Stories
Dr Bruce Carter AM, Headmaster, 1985–2000
Dr Bruce Carter AM was the sixth Headmaster of Cranbrook, holding the position for 16 years between 1985 and 2000. His predecessor had been at the school for a formidable 22 years. This was Mark Bishop and he left a legacy not only for the school’s culture, but also its structure and administration. Bishop’s term had overseen a time of considerable growth, particularly through the 1970s. When Carter arrived at the helm the school was therefore large and complex, with many moving parts, and while it was high functioning, it was probably also overdue for review.
In his first address on Speech Day in 1985, Carter indicated that a spirit of reassessment had shaped his earliest days as Headmaster.
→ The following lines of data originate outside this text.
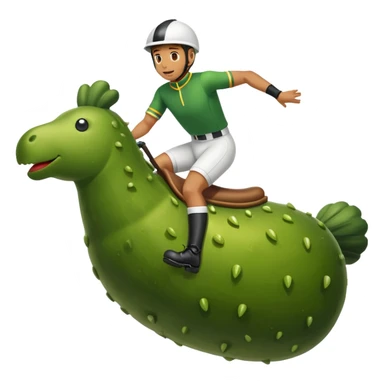 man riding pickle in jockey uniform (in action) sticker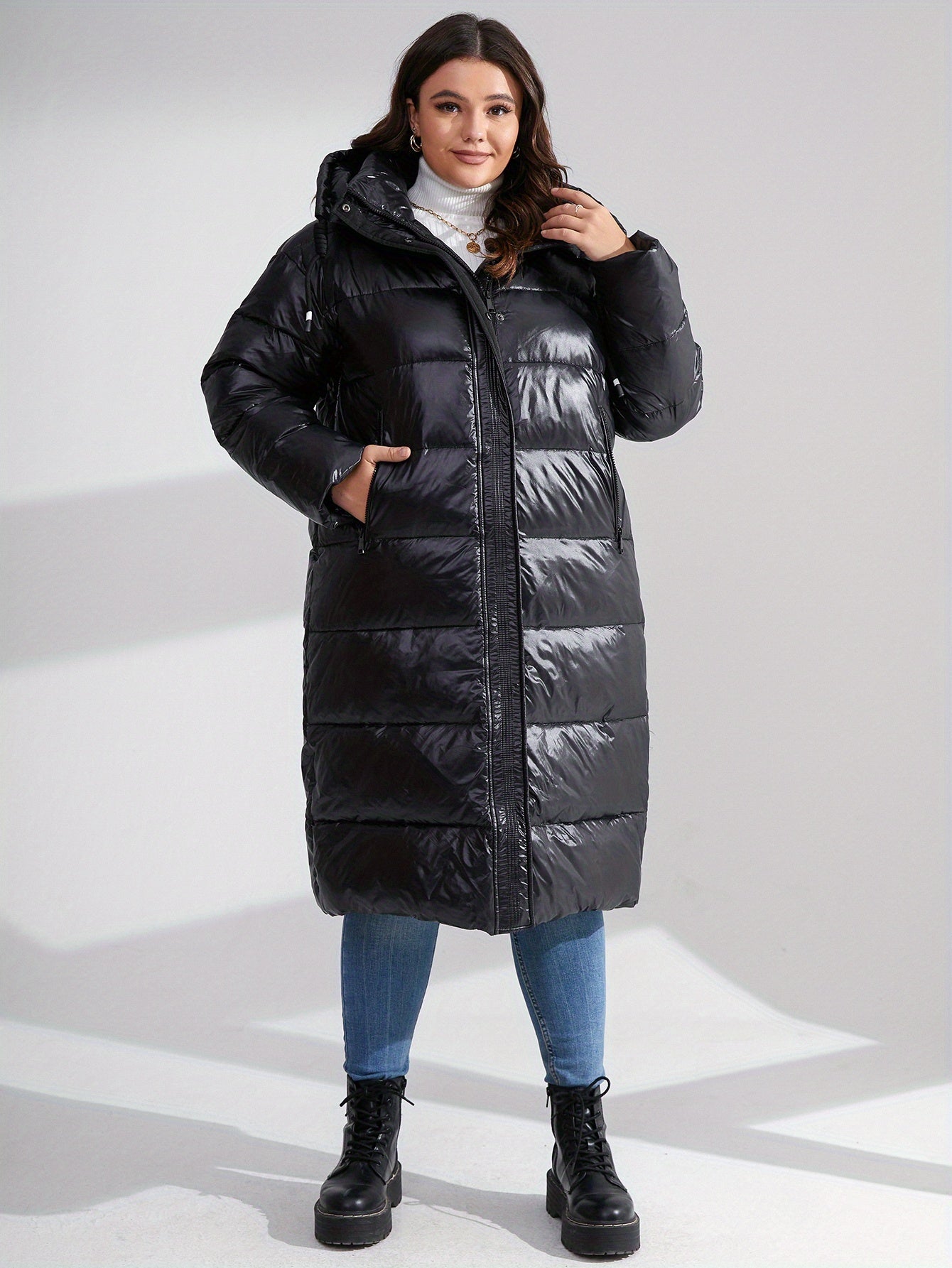 Solid Long Length Parka Hooded Outerwear Women's Clothing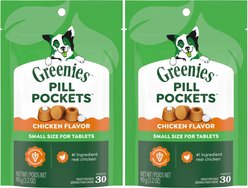 Greenies Pill Pockets Canine Chicken Flavor Natural Dog Treats, Tablet Size, 60 count bundle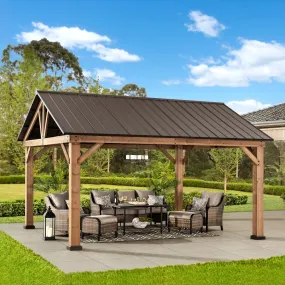 SUNJOY Outdoor Patio 13x15 Wooden Frame Steel Gable Roof Backyard Hardtop Gazebo/Pavilion with Ceiling Hook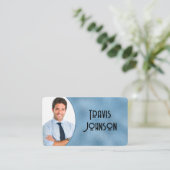 Carte De Visite Cadre photo en verre bleu (Debout devant)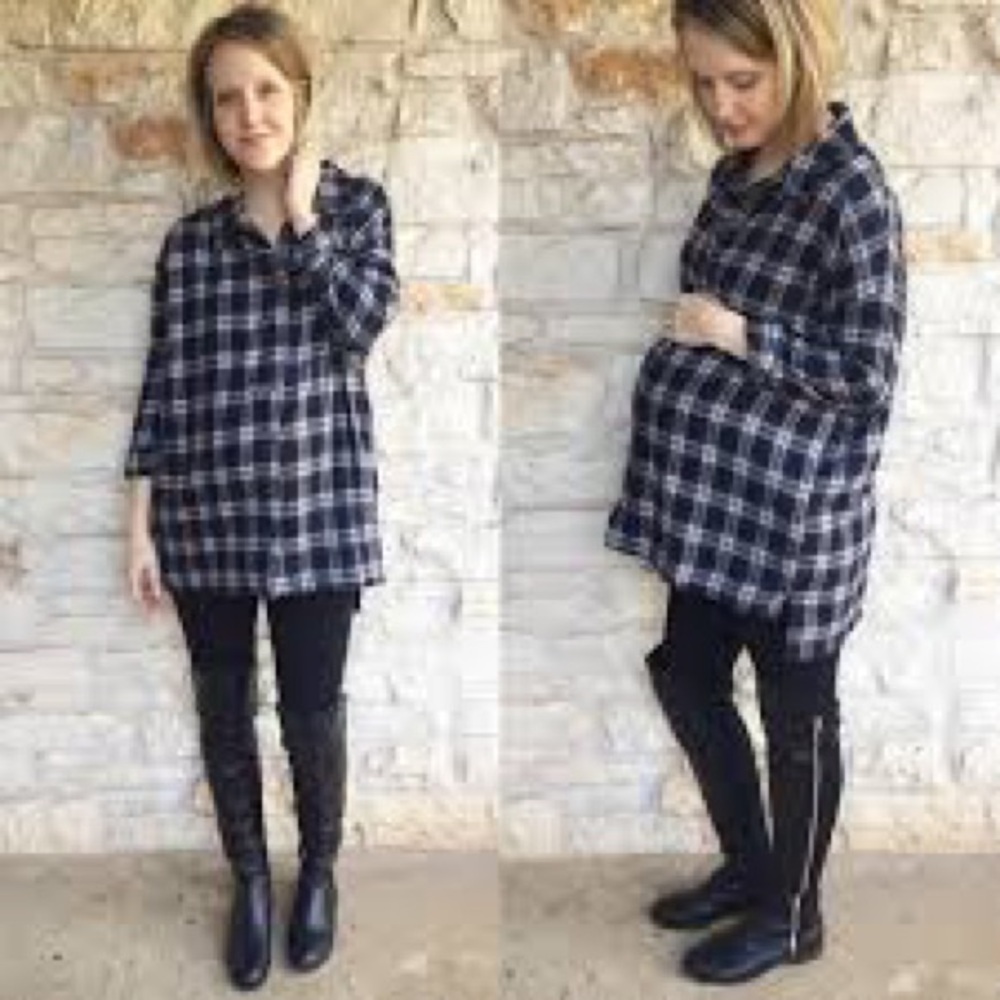 Motherhood Maternity Navy and White Plaid Button-Up Flannel Shirt. Large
Noting that the School Council had suggested that his commencing as headmaster at the beginning of Term Two would be relaxing and refreshing, it was in fact anything but: “I seem to have been sprinting vigorously with scarcely a pause for a breath over the past six months”, he remarked at the time. The Council had embarked on a far-reaching review of school life to coincide with the beginning of Carter’s headmastership. Committees had been set up prior to his arrival, and they were reviewing the curriculum, sporting program, uniform, timetable, and prefects’ executive.
Dr Carter was an academic as well as an administrator, having received a Masters in Education from Harvard University and a Doctorate in Education from the University of Toronto. He later described Cranbrook on that first Speech Day as having a strong and imposing physique and yet it had “something of a soft belly”. This “belly” was a metaphor for the students who had not “endured some of the pain that leads to real success and fulfilment”, who had forgotten the reasons for Cranbrook’s “greatness”. It was clear that while the new Headmaster was already proud of the school, he saw room for improvement in its academic standards.
Reflecting a year later in an interview for The Cranbrookian, Carter said that he felt Cranbrook would benefit from “a certain amount of structure”. He saw the school’s future as a combination of tradition and change, and he found himself getting “cranky” with those who unthinkingly critiqued proposed change by saying, “we haven’t done that before”.
It was important to him that students saw themselves as part of a long tradition, but that they also continued to evolve for the future. One example was that after Carter arrived, teachers began addressing students by their first name, replacing the much older convention of addressing students by their surname. He also focused on the leadership of the prefects, claiming that the success of the prefect body determined in many ways the success of the school.
Cranbrook ultimately thrived with its updating, and with the improvements that it received under the leadership of Bruce Carter, achieving a newly modern potential. Fittingly, given his support of the cultural activities of the school, Carter’s portrait was later a finalist in the 1994 Archibald Prize. Painted by Gretel Pinniger, the portrait was titled The Enlightened Educator.
Select Bibliography
David Thomas and Mark McAndrew, Born in the Hour of Victory, Cranbrook School, 1918 – 1998, Sydney: Playright Publishing, 1998.
The Cranbrookian, The Magazine of Cranbrook School, June 1986, Vol. LXVII, No. I, pp. 16 – 19, and pp. 28 – 29.